11 Dec 2017

Andrew Smith comments on the new National Economic Crime Centre in The Times Law Brief, Bloomberg, City A.M., GIR and The Law Society Gazette

The future of the Serious Fraud Office has been secured under plans aimed at tackling economic crime, however it will have to answer to a newly created overarching body.

In an announcement, today the government said a new National Economic Crime Centre (NECC) will be set up to ’task and coordinate the response to economic crime’.

The agency, which will sit within the National Crime Agency, will have the power to directly ask the SFO to investigate suspects.

Andrew Smith commented:

On paper this is an ambitious strategy, and part of a broader drive towards increasing transparency and accountability in financial services in particular. But the recent political past is littered with such strategies. Whether the NECC can achieve its lofty ambitions is ultimately a question of funding and expertise.

It is reassuring that the Government appears to have abandoned its earlier plans to abolish the SFO. It is only right that the SFO, which has made significant progress under its outgoing director David Green QC, should continue to be tasked with investigating the worst cases of fraud, money laundering and corruption.”

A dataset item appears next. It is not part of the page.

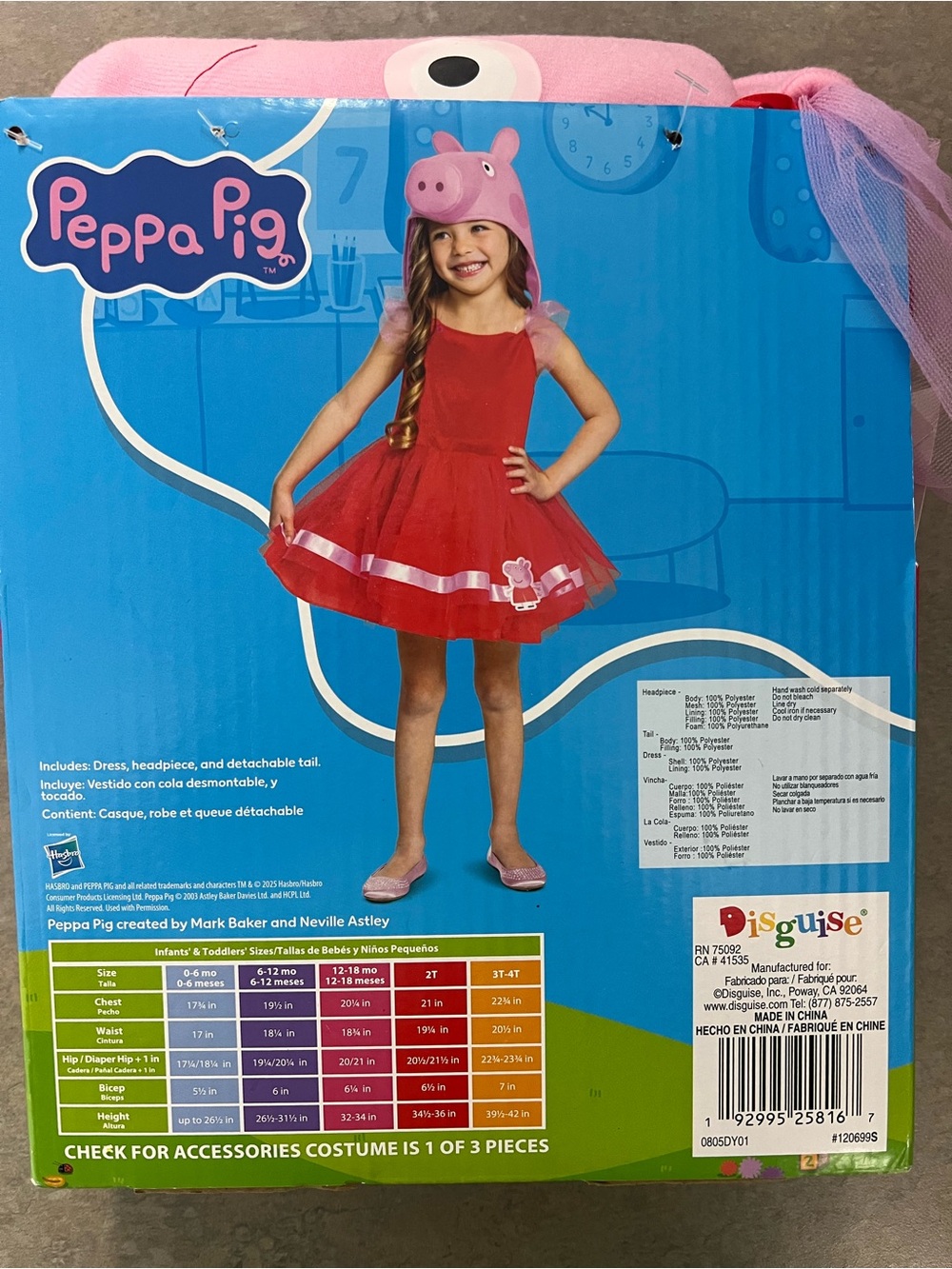 Peppa Pig Red costume Dress with Pink Headpiece Toddler Costume NEW 2T Halloween - Picture 8 of 10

In GIR: Andrew said that until the details of the plan are published, it is “difficult to say whether in practice this will lead to reduced independence and authority for the SFO, but it does seem to suggest a slight drift in power from the SFO to the NCA”.

Smith said the announcement could be cause for concern at the SFO. He said the agency “has made strides in the right direction under [SFO director] David Green, and it would seem counterintuitive to fail to recognise those strides” by reducing the agency’s independence.